As a fellow Scot you should have remembered that presbyter is but priest writ large. Just check any dictionary.

Also -

quote:
I don't think much of the priesthood of all believers being only the heads of the fathers' households.

I didn't say that - quite the opposite in fact. The priesthood covered ALL believers - all members of the family. I was pointing out the ceremonial background. Please re-read my posting where I said The entire family participated and were dressed similarly for the occasion - this was the "priesthood of all believers".

Likewise you wrote -

quote:
And it is the believer's priesthood that is of the Old Testament sacrificial type?


In a sense yes, but only insofar as the only sacrifice now is the full, final and sufficient sacrifice of Jesus himself, which we "re-member". The purpose was described by the early church (and still is so described) as an anamnesis - a Jewish concept which the passover supper was designed to ensure.


quote:
To have a guy at the front say something, and the people say "amen" is not a good dramatic representation of the priesthood of all believers. It says the opposite.

You'll need to unpack your reasoning on that one a bit more - if we are in agreement, is it not fitting that someone leads us and that we signal our willing assent? Always remembering that this is servant leadership we are talking about here. I doubt that you are pointing towards some anarchistic free-for-all, but I don't understand what you are proposing.

quote:
And, to get back to the point, there were woman elders in the early church, weren't there?
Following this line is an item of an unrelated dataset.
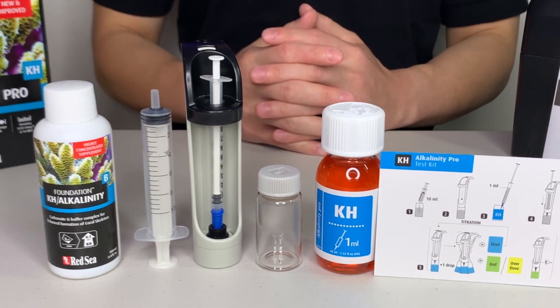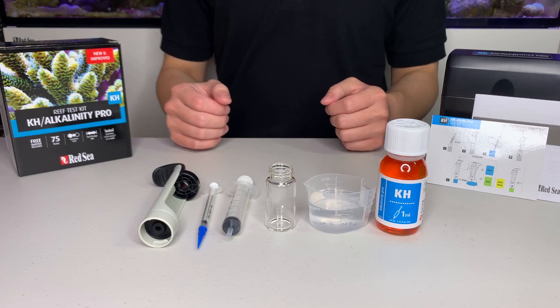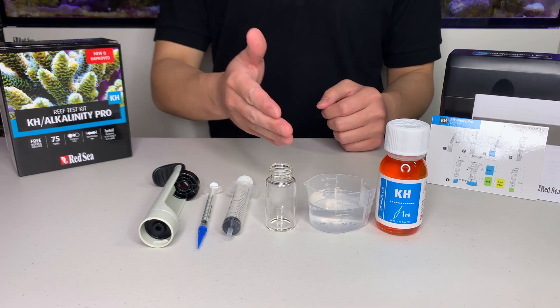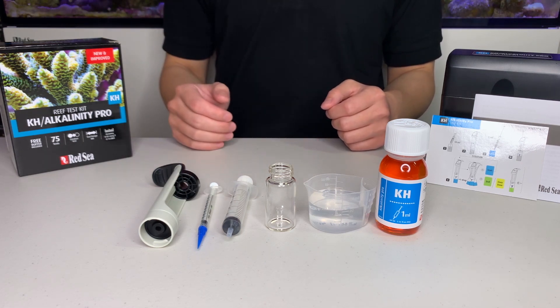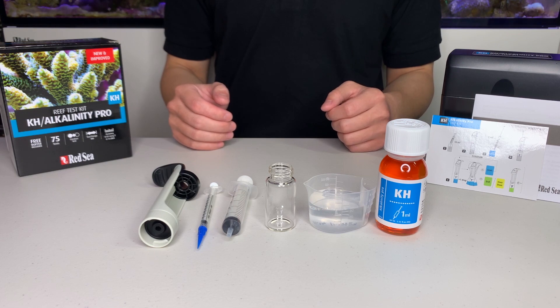Here's what comes in the box. Before we start the test, I have prepared a sample of water from my aquarium and I've washed and dried all my syringes and vials, so we are ready to go.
Were there? The word presbyteroi is used in the gospels of the sanhedrin. The evidence of it materialising in the early church is at the "second stage" - when the apostolic ministry was nearing its end, as evidenced in the pastorals and later Pauline works. At this stage it seems to be synonymous with oversight. There were many women involved in teaching, prophesying, indeed in church planting. Were any of them presbyters? Evidence please. Please note that I am not regarding this as a "killer argument" - I'm open to persuasion either way.

Let me go back to an earlier posting of yours, where you said -

quote:
It's a bit like, who gets to play Santa Claus!

Unless, of course, it isn't, and the argument is really there to mask an uglier agenda.


Two choices offered. The correct answer being, perhaps c), neither of the above. But never mind that for now. What is this "uglier agenda" that all who have the temerity to disagree with you are constrained to be following? Perhaps you might care to share with us your own agenda - then we can discuss how ugly that might be by comparison. I was under the impression that purgatory was for the debate of these points. If you wish to disagree with me on any posting, fine - state your reasons, adducing whatever support you see fit. But your last post failed signally to do that. I was trying to give some reasons as to why this Christian, at least, agreed with another poster who pointed out why we do believe in the priesthood of all believers, and how that is not a problem for us, as you seem to think it ought to be.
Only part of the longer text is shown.